ASSIGNMENT: What you give back must match the data exactly, minus the pictures.

DATA SEGMENT:
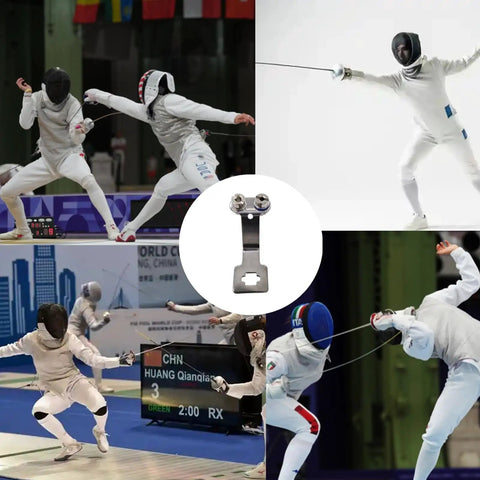 Stainless Steel Fencing Foil Socket Replacement Built To Last Heavy Duty Bracket Mount with fencers in action background.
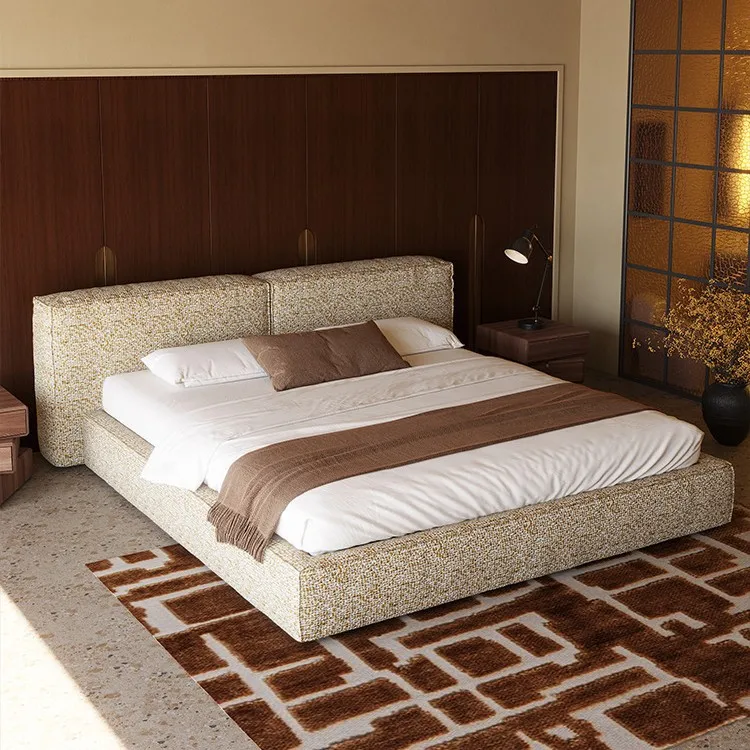 Tofu block fabric bed wabi style modern light luxury high-end tatami cotton and linen double master bedroom wedding bed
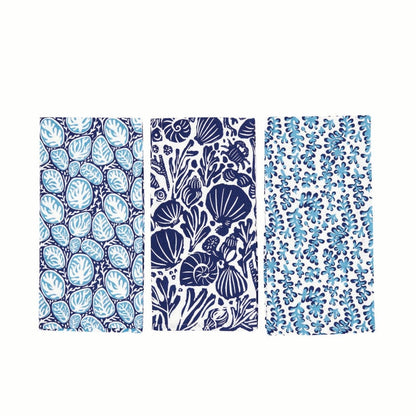 Sea Life Kitchen Cotton Towels (Set of 3) Cotton Kitchen Towel - rockflowerpaper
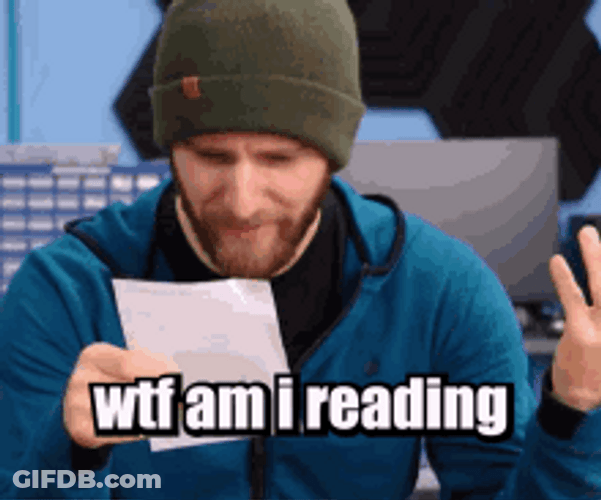 Bearded Man Wearing Bonnet Confused Reading GIF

OUTPUT BELOW:
 Stainless Steel Fencing Foil Socket Replacement Built To Last Heavy Duty Bracket Mount with fencers in action background.
 Tofu block fabric bed wabi style modern light luxury high-end tatami cotton and linen double master bedroom wedding bed
 Sea Life Kitchen Cotton Towels (Set of 3) Cotton Kitchen Towel - rockflowerpaper
 Bearded Man Wearing Bonnet Confused Reading GIF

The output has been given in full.